(SUPPLIED INFORMATION)
####################

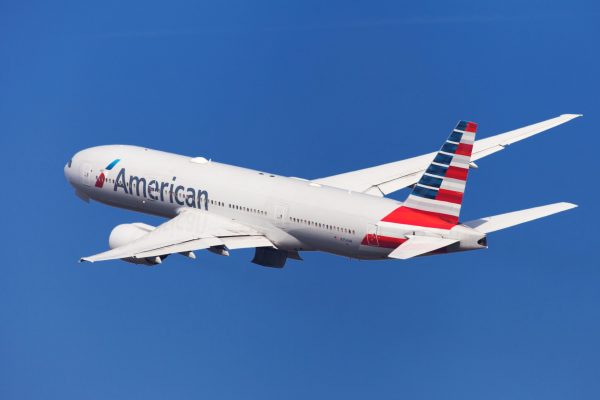 American Airlines finally resumes inflight alcohol sales
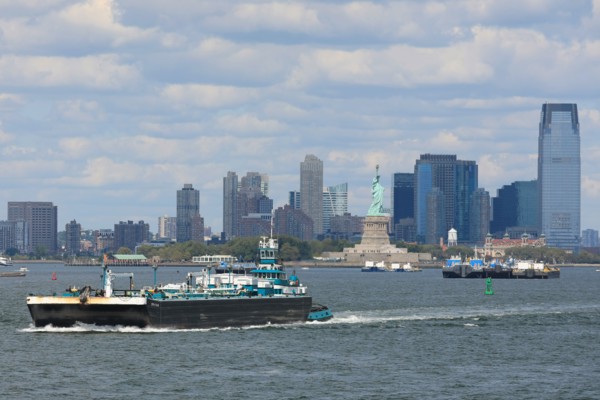usa, etat de New York, New York City, Manhattan, financial district, pointe de Manhattan, ferry pour Staten Island, buildings, baie, bateaux, statue de la liberte, Bartholdi,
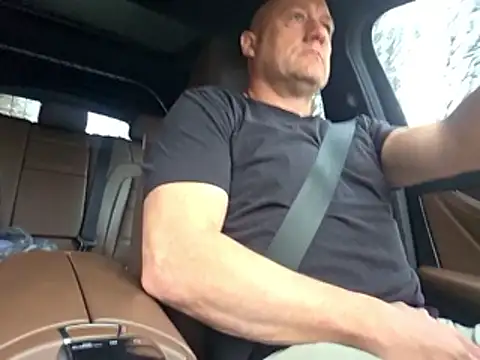 Snapshot of akstr8 chatting on 26, 3, 2026 akstr8 online show from 26, 3, 2026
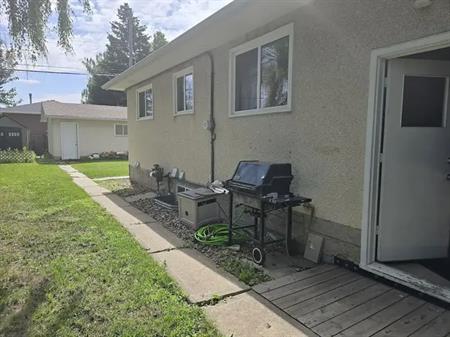 2 bdrm basement suite ideallylocated quiet area close to all amenities | 5704 90 Avenue Northwest, Edmonton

####################

(INSTRUCTIONS FOR THE TASK) The material should be returned verbatim, with all images omitted.

(REPLY TO THE TASK)
 American Airlines finally resumes inflight alcohol sales
usa, etat de New York, New York City, Manhattan, financial district, pointe de Manhattan, ferry pour Staten Island, buildings, baie, bateaux, statue de la liberte, Bartholdi,
 Snapshot of akstr8 chatting on 26, 3, 2026 akstr8 online show from 26, 3, 2026
 2 bdrm basement suite ideallylocated quiet area close to all amenities | 5704 90 Avenue Northwest, Edmonton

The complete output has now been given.